# Provided records:
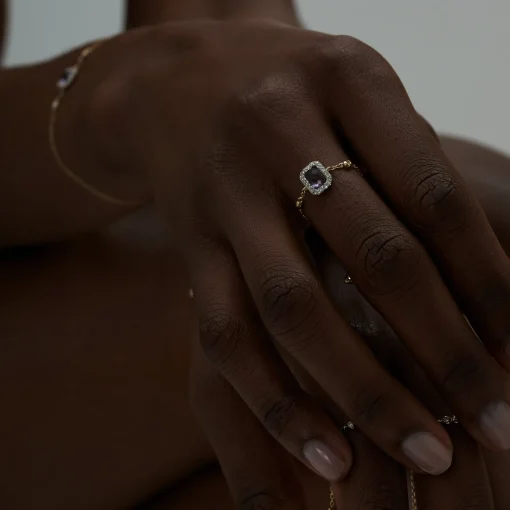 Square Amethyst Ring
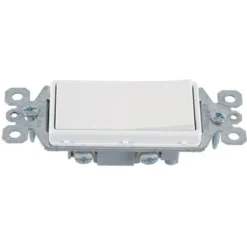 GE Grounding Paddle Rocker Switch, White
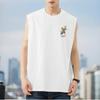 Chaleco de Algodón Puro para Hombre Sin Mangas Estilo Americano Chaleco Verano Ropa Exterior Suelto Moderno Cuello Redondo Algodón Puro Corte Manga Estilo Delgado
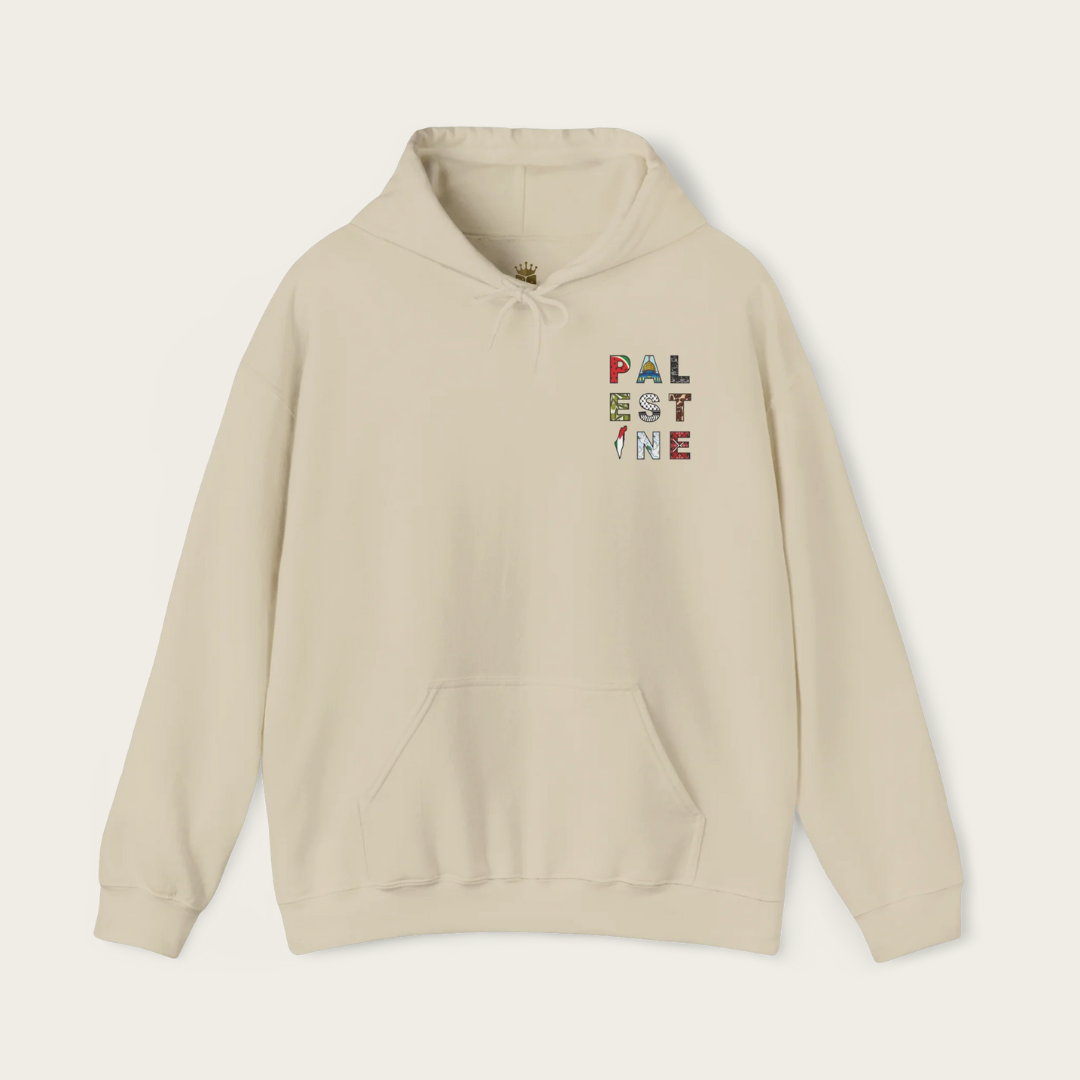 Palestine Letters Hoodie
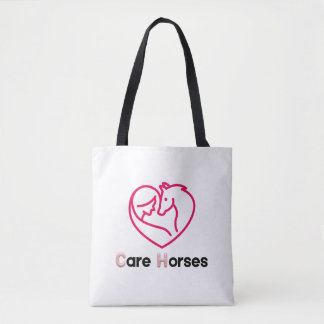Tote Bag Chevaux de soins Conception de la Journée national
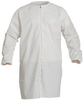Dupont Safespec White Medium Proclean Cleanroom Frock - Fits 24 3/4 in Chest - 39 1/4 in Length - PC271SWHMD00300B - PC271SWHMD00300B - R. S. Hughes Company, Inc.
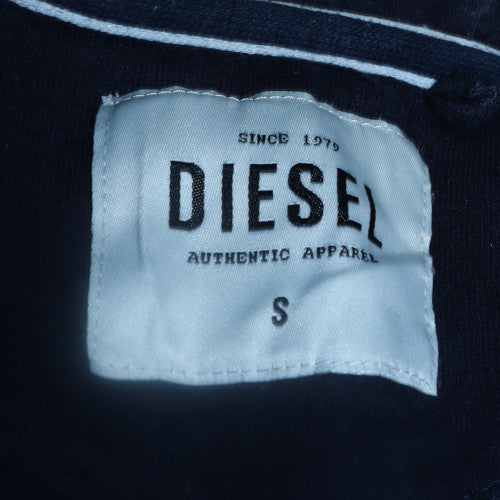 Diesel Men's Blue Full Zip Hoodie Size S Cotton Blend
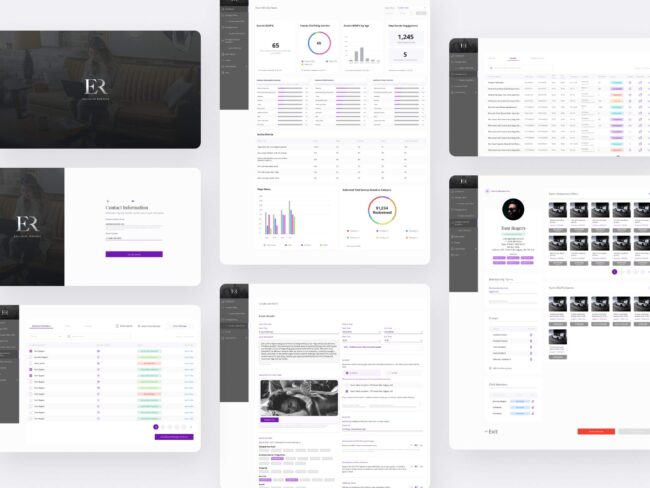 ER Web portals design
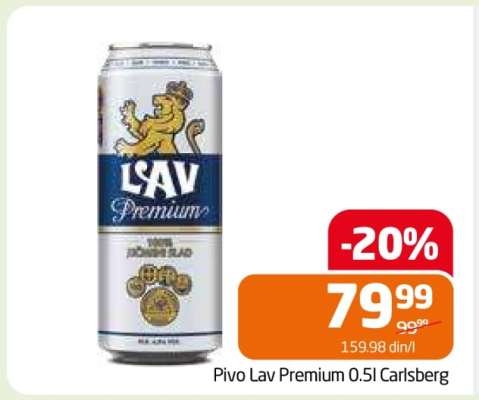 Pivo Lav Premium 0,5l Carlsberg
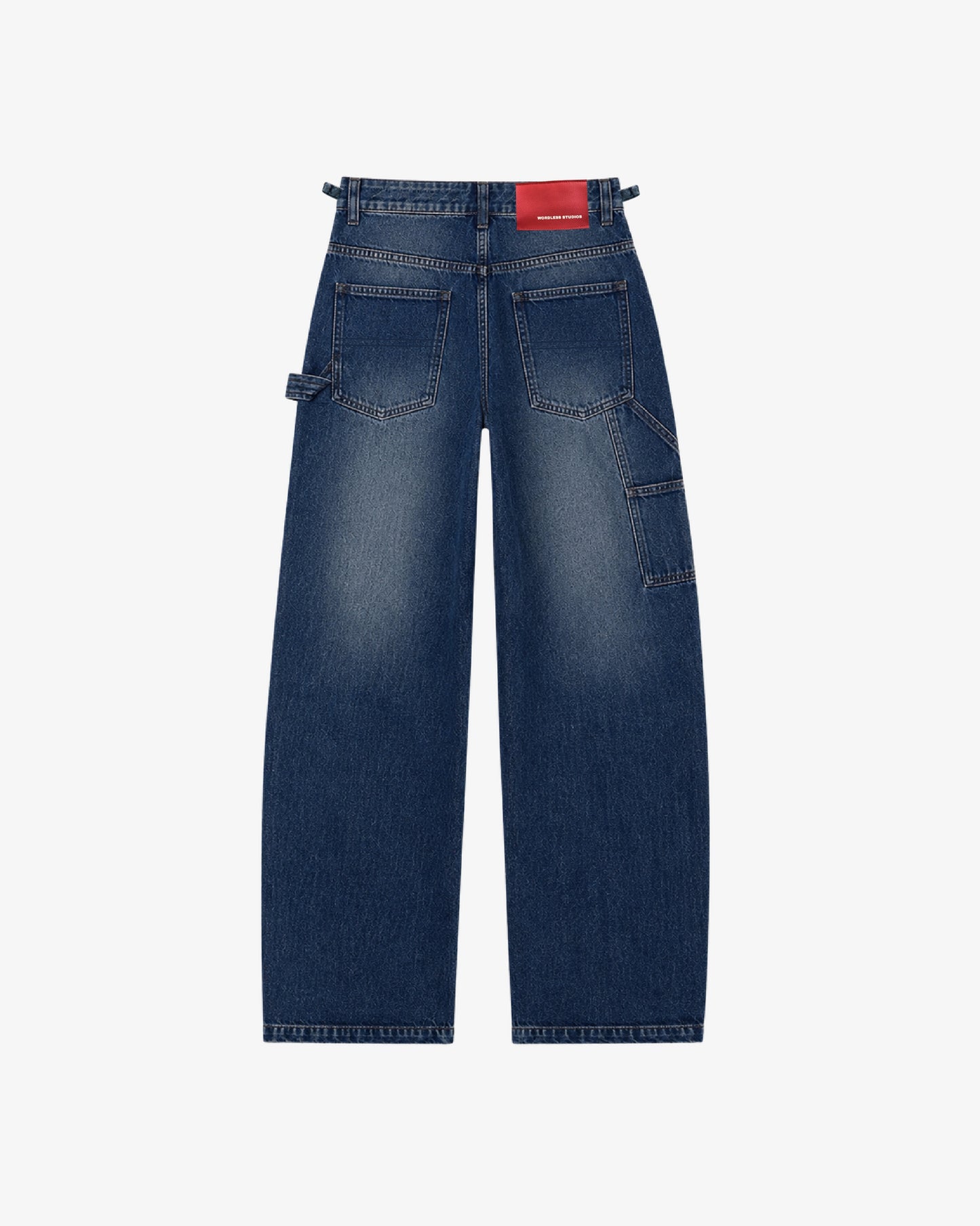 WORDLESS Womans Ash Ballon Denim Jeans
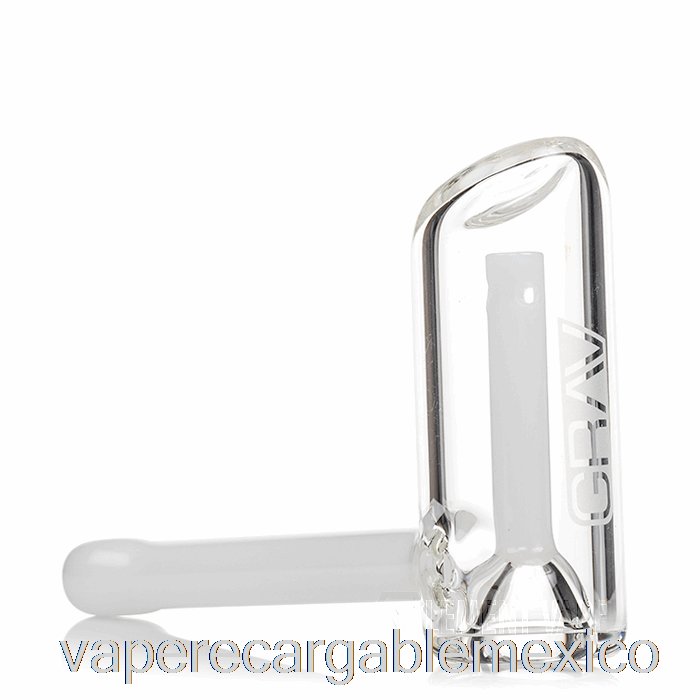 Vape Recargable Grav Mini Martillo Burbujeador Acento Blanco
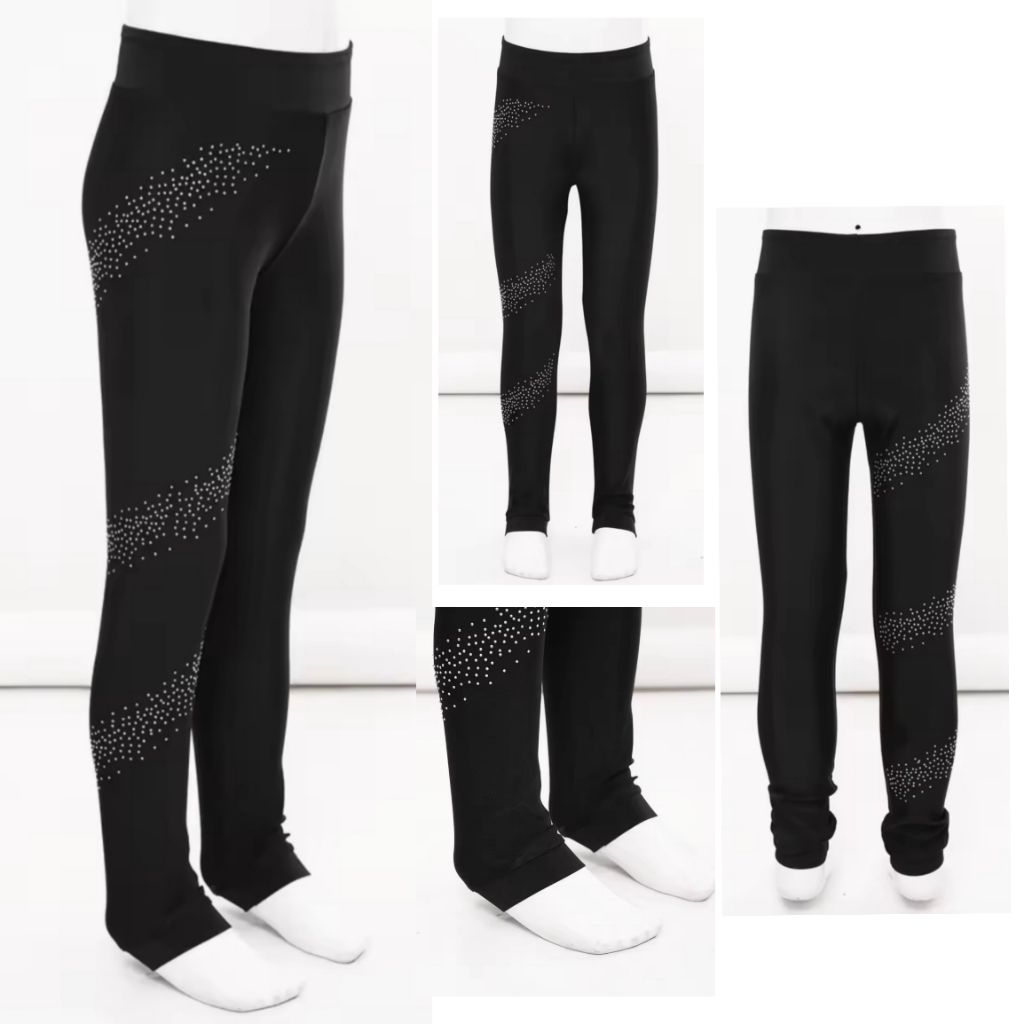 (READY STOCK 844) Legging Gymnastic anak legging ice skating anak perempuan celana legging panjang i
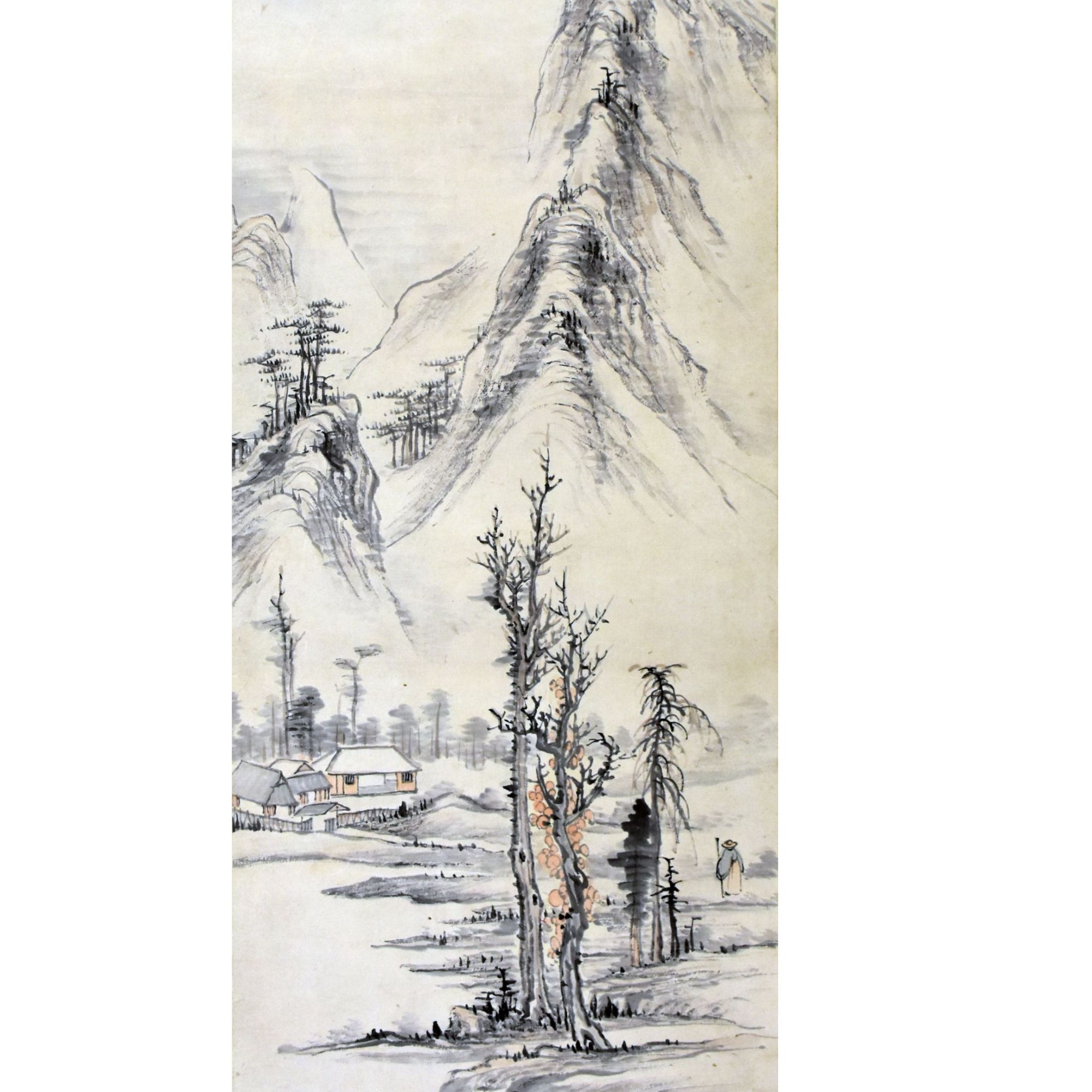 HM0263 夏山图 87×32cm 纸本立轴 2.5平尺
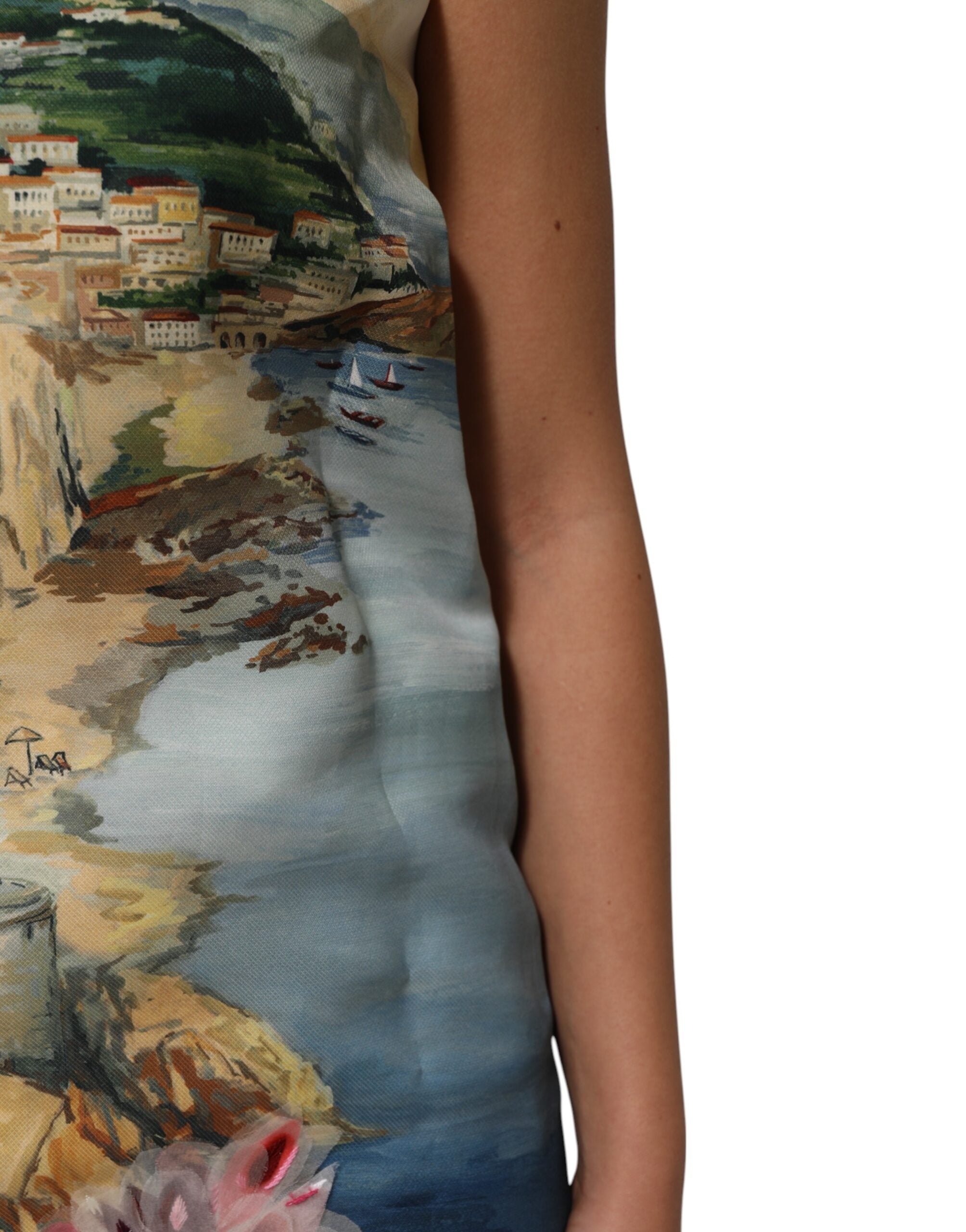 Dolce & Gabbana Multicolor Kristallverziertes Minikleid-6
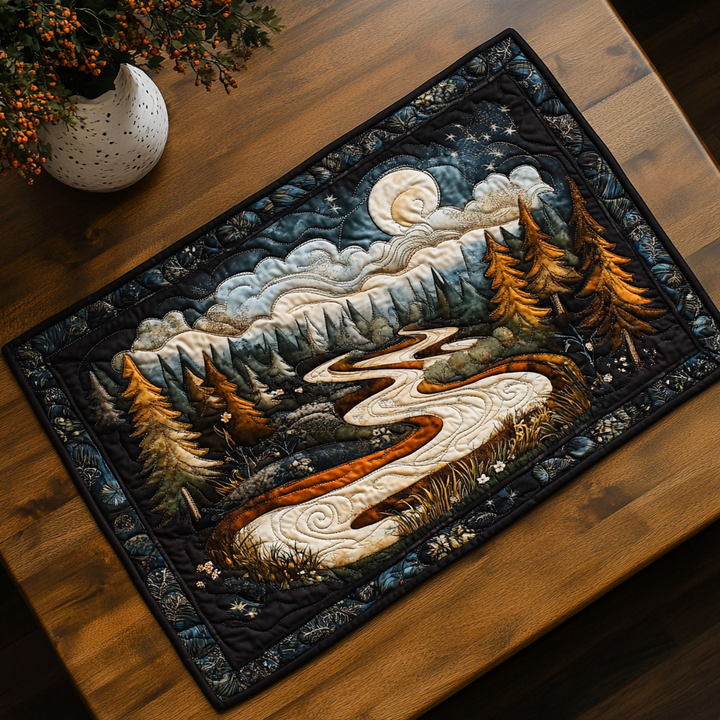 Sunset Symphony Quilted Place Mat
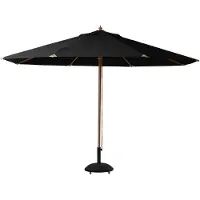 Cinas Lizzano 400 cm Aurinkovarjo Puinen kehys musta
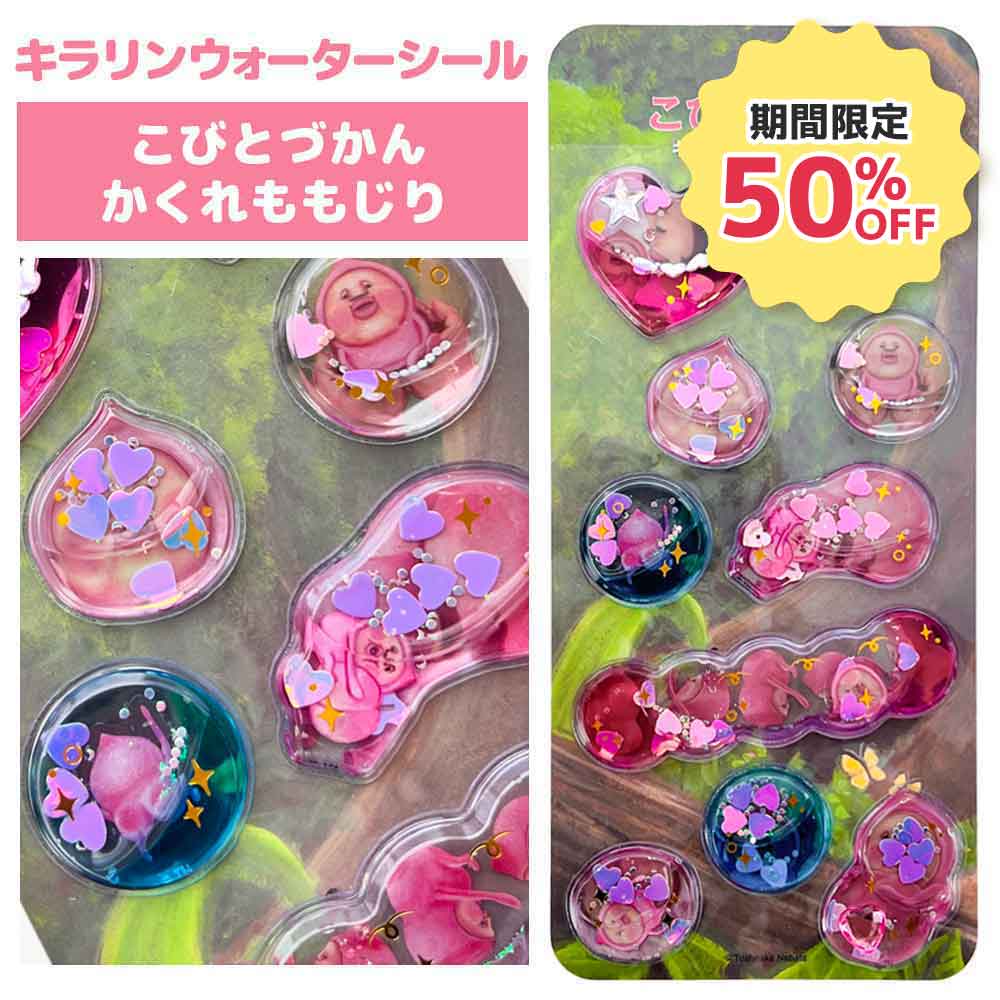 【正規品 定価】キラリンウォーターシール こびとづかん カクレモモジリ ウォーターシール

# Task directions:
Nothing but an exact copy belongs in the answer: the lines from the top of the records through the line containing "(READY STOCK 844)", minus the pictures.

# Reply to the task:
 Square Amethyst Ring
 GE Grounding Paddle Rocker Switch, White
 Chaleco de Algodón Puro para Hombre Sin Mangas Estilo Americano Chaleco Verano Ropa Exterior Suelto Moderno Cuello Redondo Algodón Puro Corte Manga Estilo Delgado
 Palestine Letters Hoodie
Tote Bag Chevaux de soins Conception de la Journée national
Dupont Safespec White Medium Proclean Cleanroom Frock - Fits 24 3/4 in Chest - 39 1/4 in Length - PC271SWHMD00300B - PC271SWHMD00300B - R. S. Hughes Company, Inc.
 Diesel Men's Blue Full Zip Hoodie Size S Cotton Blend
 ER Web portals design
 Pivo Lav Premium 0,5l Carlsberg
 WORDLESS Womans Ash Ballon Denim Jeans
 Vape Recargable Grav Mini Martillo Burbujeador Acento Blanco
 (READY STOCK 844) Legging Gymnastic anak legging ice skating anak perempuan celana legging panjang i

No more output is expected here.